O discurso da ditadura queria significar os desertores como inimigos da pátria e, por metonímia, inimigos do povo desta pátria, e até mesmo do "Deus" desta (ou daquela, ou da dos militares) pátria. Proponho que este discurso se inscreve em um mesmo campo discursivo do sentido "por trás" (mas não tão por trás assim) daquela frase do manual de latim. Até termos idênticos ou similares se repetem no exercício e no slogan militar: amar, amar; pátria, Brasil; porque não caberia ao exercício do livro falar em Brasil se a língua estudada é anterior ao Brasil inventado a partir de 1500. Se não estamos falando em intenção plenamente consciente de qualquer sujeito, ou de falante, ou de autor, ou do Napoleão Mendes de Almeida, faz muito menos sentido dizerem que estamos acusando o autor por uma previsão de um fato futuro. Estou falando de discurso, de ideologia. Outra coisa: não consegui a primeira nem todas as edições da "Gramática Latina" para saber se o exercício em pauta estava sempre lá ou foi incorporado tardiamente; na 19ª (1983) e na 29ª edição (2000) o exercício estava lá. Isso é algo importante, mas, seja como for, parece adequado dizermos que aquele exercício de latim não fazia parte dos enunciados censuráveis pela ditadura, e talvez por isso mesmo não foi aquele exercício (ou mesmo todo o livro) interditado.

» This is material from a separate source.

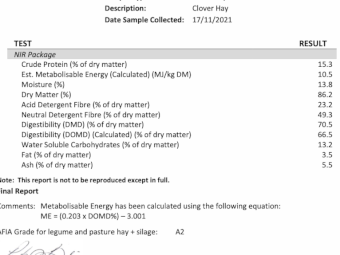 Clover Hay 8x4x3 Bales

É interessante lembrar o bordão (também interdiscursivo, porque há interdiscursividade na contestação) dos insatisfeitos em resposta ao slogan patriótico dos militares: "O último que sair apague a luz", bordão que queria fazer acreditar que eram muitos os descontentes e / ou que não se fazia questão de estar em uma pátria qualquer, ou, mais especificamente, em uma pátria cujos chefes são os militares pró-capitalismo estadunidense (aqui há a posição de que não eram apenas militares, ou apenas militares patrióticos). Falta só dizer que muitos desses "desertores" não deixaram a pátria por não a amarem, mas porque foram obrigados (direta ou indiretamente) a se exilar, ou a deixar a pátria dos vivos para uma pátria perdida, de um Céu, de um Inferno, de um Hades ou de um nada.
É verdade que a os livros didáticos escolares estão cada vez mais abordando estudos de texto e menos de frases soltas. Diz-se até que é uma tendência: estaríamos nos libertando cada vez mais das tais frases soltas. Mas, é bom lembrar, para alguns propósitos as frases soltas podem ser interessantes, principalmente em discussões decorrentes de ramos da lingüística como os da sintaxe e da semântica, a unidade principal de análise é a frase (Guimarães & Zoppi-Fontana, orgs. "A palavra e a frase"). Devemos nos perguntar sobre a natureza dessas frases. O que fizemos neste artigo pode ser aplicado a livros didáticos em geral, inclusive os de ensino fundamental. Se um exercício pede para encontrar sujeito, predicado, substantivo e adjetivo usando uma frase do tipo "O bom aluno obedece a professora", há um discurso da ordem que engendra uma lição de moral; ísso não é só um exercício de gramática.
Nota (1): "Isto não é um cachimbo", René Magritte.